_Recorded information:_
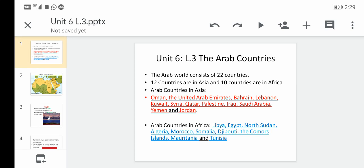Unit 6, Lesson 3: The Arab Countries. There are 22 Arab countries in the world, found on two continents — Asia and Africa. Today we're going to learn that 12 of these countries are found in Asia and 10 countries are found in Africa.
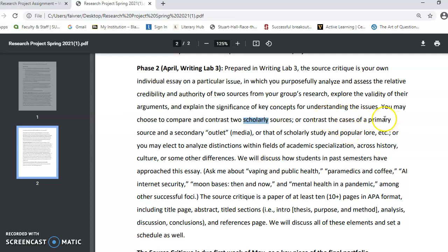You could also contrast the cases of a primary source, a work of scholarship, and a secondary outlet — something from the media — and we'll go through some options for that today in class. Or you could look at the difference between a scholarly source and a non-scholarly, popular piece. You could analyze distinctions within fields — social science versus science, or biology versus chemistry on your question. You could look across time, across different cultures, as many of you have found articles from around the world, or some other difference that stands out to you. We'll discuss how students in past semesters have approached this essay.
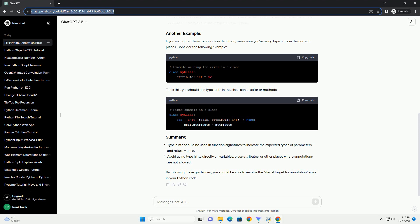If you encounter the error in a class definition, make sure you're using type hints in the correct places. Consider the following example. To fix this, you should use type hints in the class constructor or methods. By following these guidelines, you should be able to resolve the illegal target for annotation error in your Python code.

...

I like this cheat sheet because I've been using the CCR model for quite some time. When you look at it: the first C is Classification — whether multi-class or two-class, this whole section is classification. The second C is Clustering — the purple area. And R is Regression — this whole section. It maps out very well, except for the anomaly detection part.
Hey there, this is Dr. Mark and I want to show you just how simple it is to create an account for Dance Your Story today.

_Task to carry out:_
The line above containing "I like this", the line containing "Hey there, this", and every line between them are to be transcribed exactly; no other line is wanted.

_Completed task:_
I like this cheat sheet because I've been using the CCR model for quite some time. When you look at it: the first C is Classification — whether multi-class or two-class, this whole section is classification. The second C is Clustering — the purple area. And R is Regression — this whole section. It maps out very well, except for the anomaly detection part.
Hey there, this is Dr. Mark and I want to show you just how simple it is to create an account for Dance Your Story today.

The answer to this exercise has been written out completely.